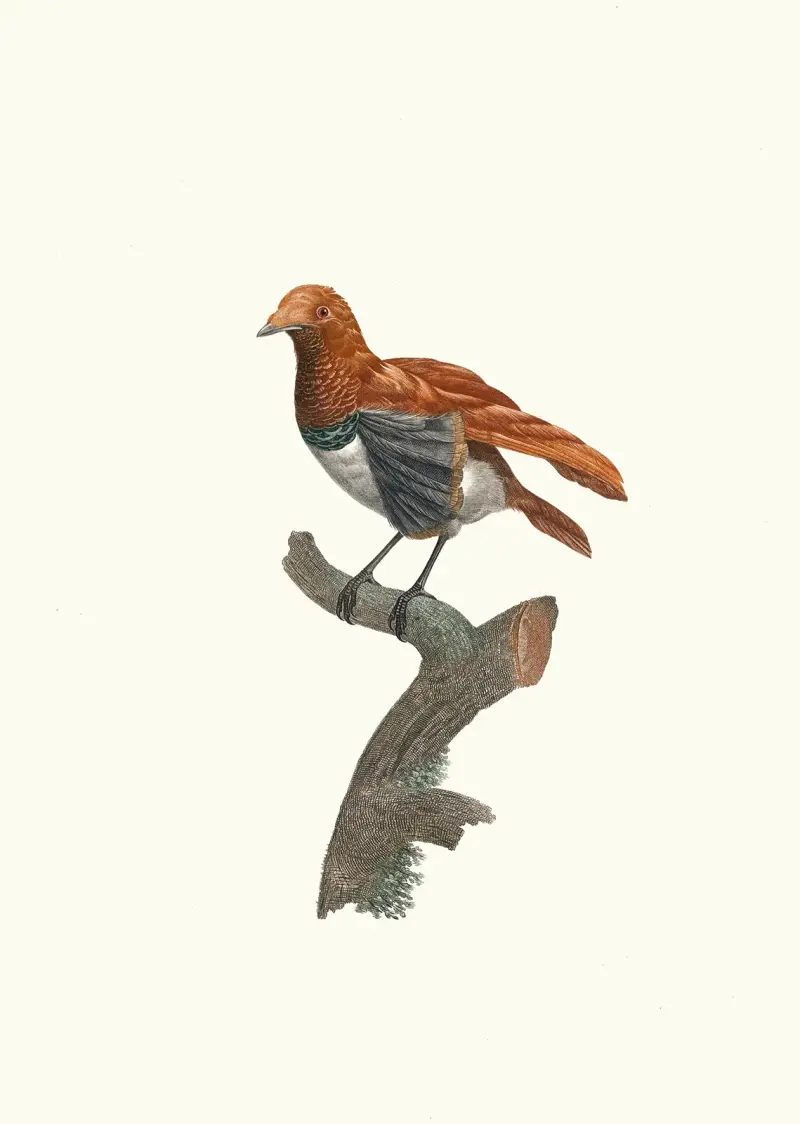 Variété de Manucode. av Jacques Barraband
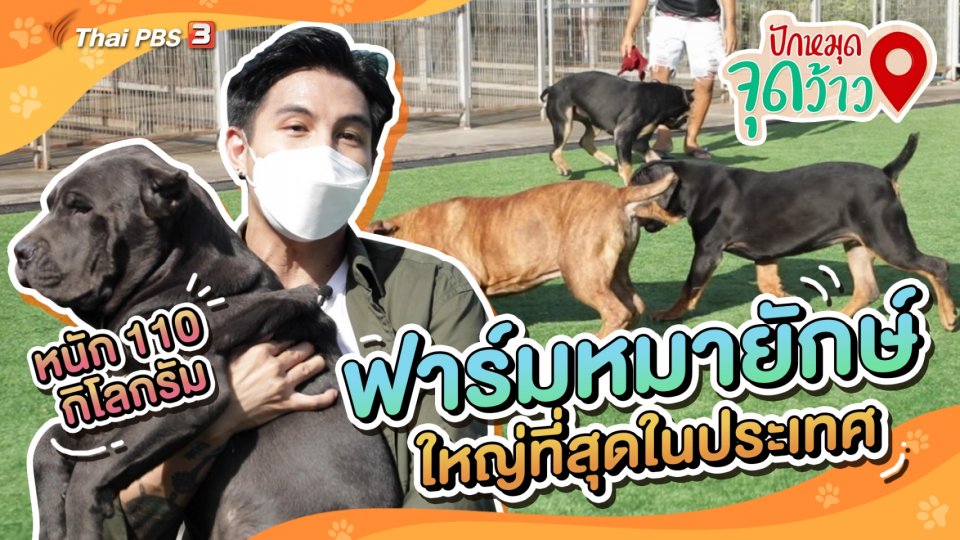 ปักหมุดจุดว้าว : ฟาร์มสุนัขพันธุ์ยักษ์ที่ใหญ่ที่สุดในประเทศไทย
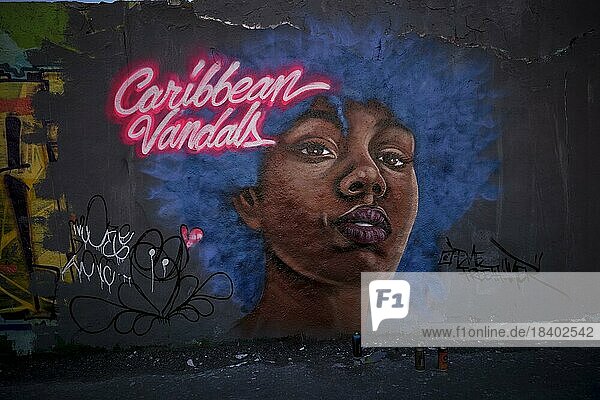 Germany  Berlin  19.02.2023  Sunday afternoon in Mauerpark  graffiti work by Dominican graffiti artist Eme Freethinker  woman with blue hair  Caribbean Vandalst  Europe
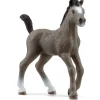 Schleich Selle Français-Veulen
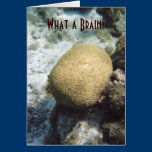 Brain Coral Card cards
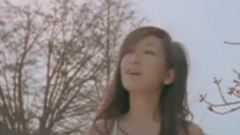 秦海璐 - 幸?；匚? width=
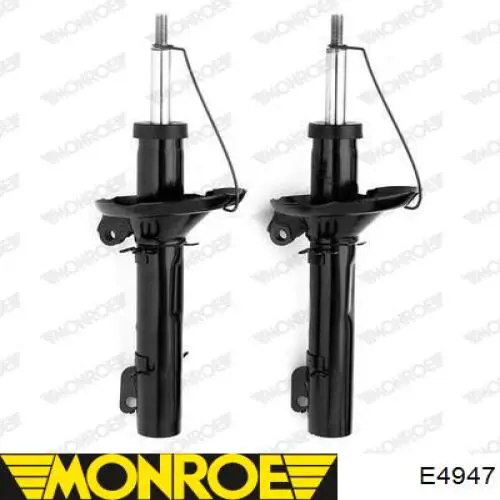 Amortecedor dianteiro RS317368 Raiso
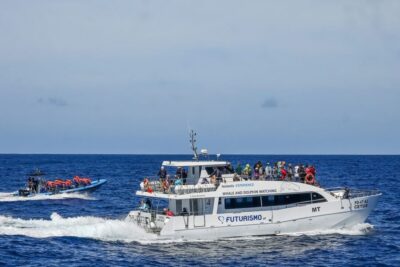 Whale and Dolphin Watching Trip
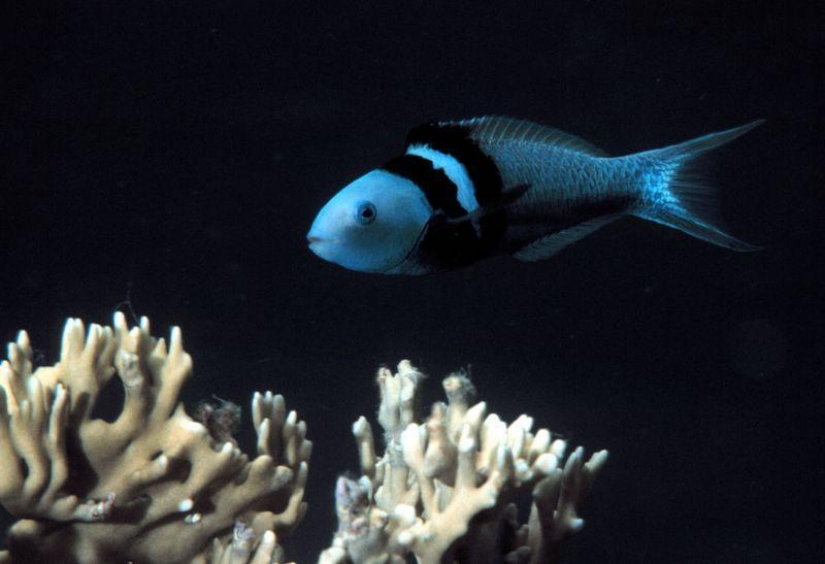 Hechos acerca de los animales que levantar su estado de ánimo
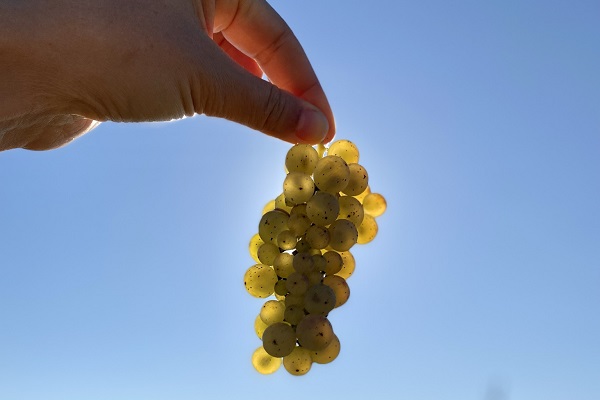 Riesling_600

Work instructions:
Reproduce the lines of the listing exactly, starting at the one that contains "Hechos acerca de" and continuing through the final line, but leave out the pictures.

Answer area:
 Hechos acerca de los animales que levantar su estado de ánimo
 Riesling_600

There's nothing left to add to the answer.